_EXERCISE_: Starting with the line that contains "A pedagogue-diver assists" and stopping after the line that contains "French doors opening", return each line below exactly as written, with no others.

_DATA SECTION_:

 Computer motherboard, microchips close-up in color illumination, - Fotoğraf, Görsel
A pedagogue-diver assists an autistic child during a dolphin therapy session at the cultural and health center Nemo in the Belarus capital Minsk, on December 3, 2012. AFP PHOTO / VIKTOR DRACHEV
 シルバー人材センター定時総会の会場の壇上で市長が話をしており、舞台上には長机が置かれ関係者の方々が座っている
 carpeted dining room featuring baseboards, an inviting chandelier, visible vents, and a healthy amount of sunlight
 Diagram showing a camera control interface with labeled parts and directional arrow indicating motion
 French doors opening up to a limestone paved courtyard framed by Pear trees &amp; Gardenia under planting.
* * *
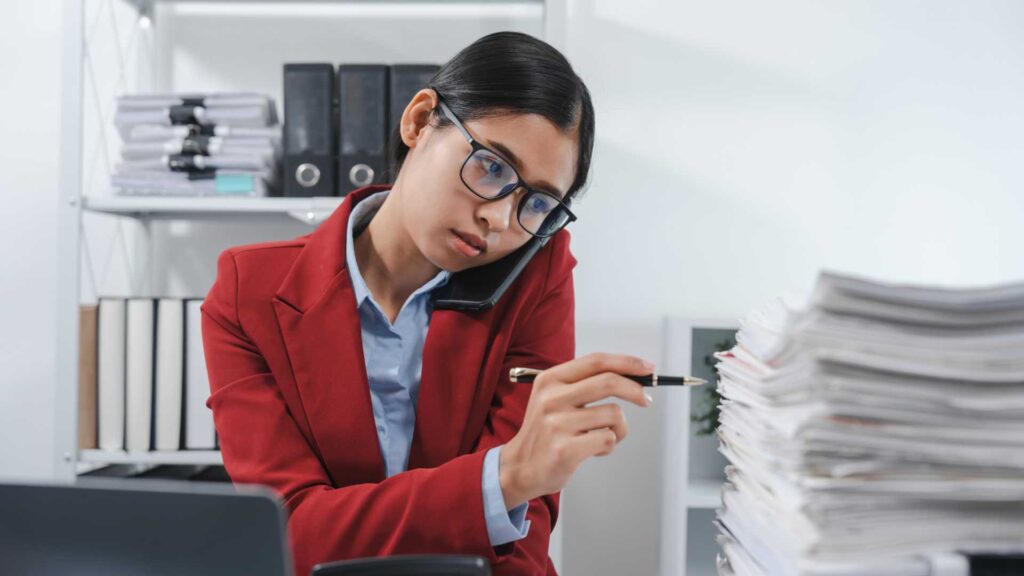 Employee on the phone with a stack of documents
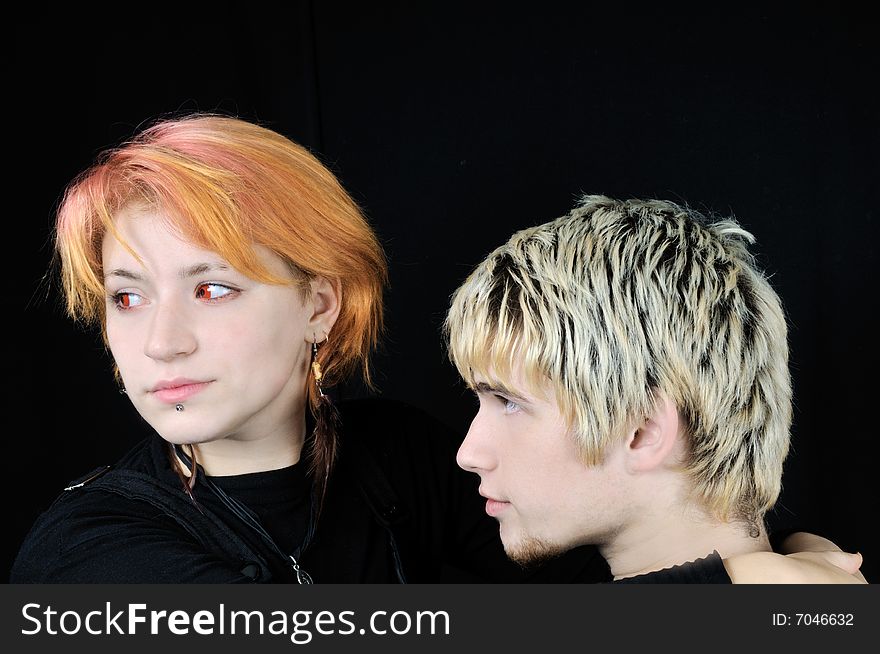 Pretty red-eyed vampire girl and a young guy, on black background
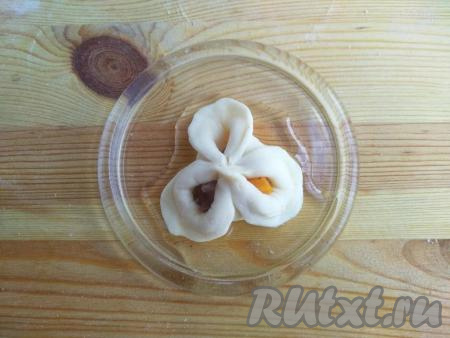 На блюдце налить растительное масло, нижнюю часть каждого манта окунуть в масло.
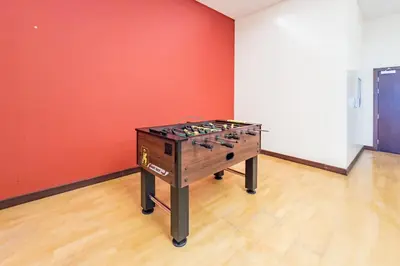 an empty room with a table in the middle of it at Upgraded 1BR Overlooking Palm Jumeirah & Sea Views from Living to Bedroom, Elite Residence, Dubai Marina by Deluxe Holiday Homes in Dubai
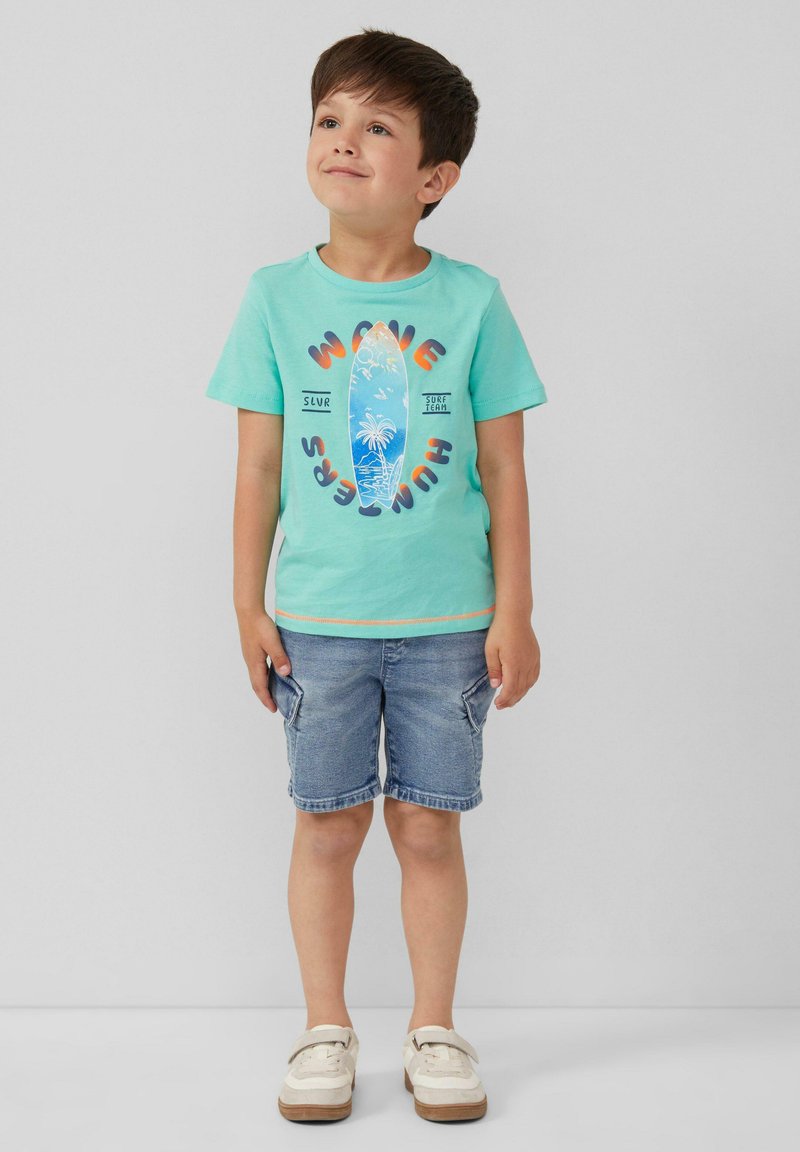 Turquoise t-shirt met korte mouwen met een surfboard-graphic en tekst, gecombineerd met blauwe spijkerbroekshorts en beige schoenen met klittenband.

_TASK RESPONSE_:
A pedagogue-diver assists an autistic child during a dolphin therapy session at the cultural and health center Nemo in the Belarus capital Minsk, on December 3, 2012. AFP PHOTO / VIKTOR DRACHEV
 シルバー人材センター定時総会の会場の壇上で市長が話をしており、舞台上には長机が置かれ関係者の方々が座っている
 carpeted dining room featuring baseboards, an inviting chandelier, visible vents, and a healthy amount of sunlight
 Diagram showing a camera control interface with labeled parts and directional arrow indicating motion
 French doors opening up to a limestone paved courtyard framed by Pear trees &amp; Gardenia under planting.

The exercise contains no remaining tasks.